Bush has little say:
I continue to see the best course of action here for Democrats is to use the drilling as a bait to switch our nation's course onto renewable footing. Everything I've read from Congress watchers says that the pro-drill offshore votes are there, both in the Senate and the House. At the least, they'll lessen it from 200 miles to 50, and leave ANWR off limits. Likewise, its very doubtful that there will even be any exploration of oil done there anytime soon. It's nothing but a political bludgeon for Republicans to use against Democrats.
So the options are, stick to a "no offshore drilling" principle for the US (and watch it still pass), or give in on that 'nothing' in order to get 'something' bigger.
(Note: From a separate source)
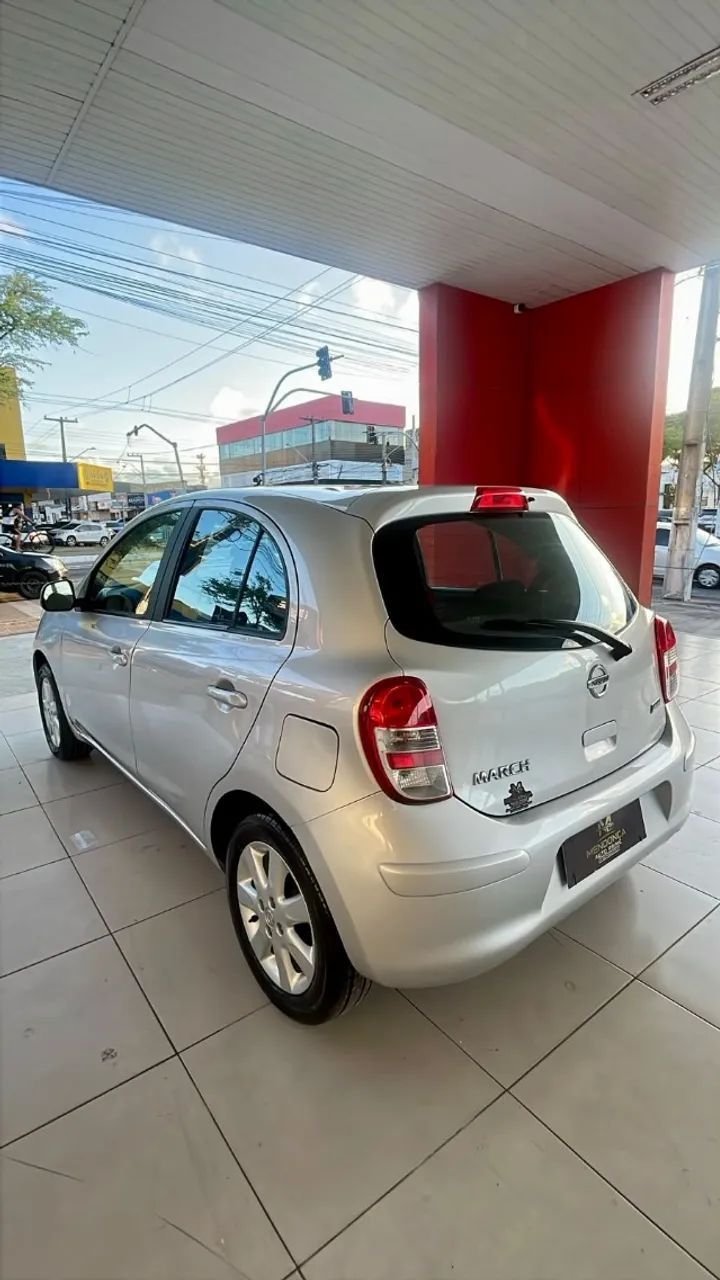 Nissan MARCH 9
I say 'nothing' because for all the NIMBY clamoring I read on these threads, there's certainly not much of a noise being made about all the offshore drilling that's being done in Venezuela, or out elsewhere in the Gulf but besides the US, and the Gulf shore is where the bulk of the 'hypothetical' offshore drilling would be (and Alaska)-- Congress can just as easily attach a opt-out feature for states like CA & OR (and there's very little off of VA).
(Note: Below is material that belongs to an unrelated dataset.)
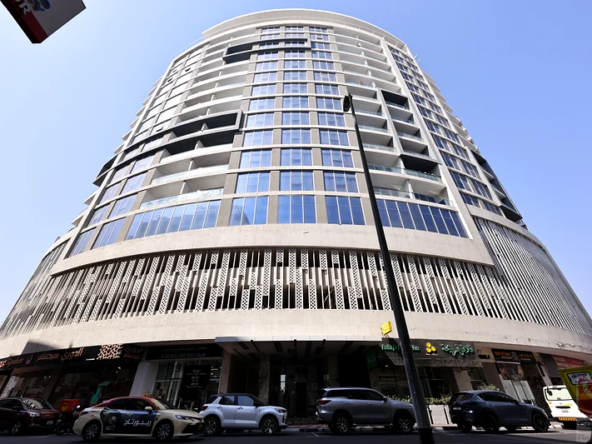 Luxury apartment Dubai with 1 bedroom, 2 bathrooms, balcony, and parking in Al Barsha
The 'something' could be whatever we can get, throw it all in there (higher CAFE standards, renewable funding, conservation efforts...) the 'compromise', which would be the biggest 'get' by the US environmental backers in decades, is there for the taking.
I'm convinced that Republicans are going to go whole-hog on bilking the government for funding of renewable exploration. The Pickens Plan is just the tip of the iceberg. Yes, renewable fuel is going to be a big business too now.
This has been a strong Democratic position over Republicans for decades. Democrats have a lot of capital in the bank over environmental issues, but now that the chips are down, and $4 gas is here, its the time. Peak Oil is here, and the Republicans are changing their tune:
No one should be surprised we are now mired in a tar pit of growing dependence on oil imported from unstable or undemocratic regions, oil prices over $100 a barrel, a trade deficit in oil alone approaching $500 billion a year, and, of course, the very serious threat of catastrophic climate change from burning an ever-increasing amount of fossil fuels.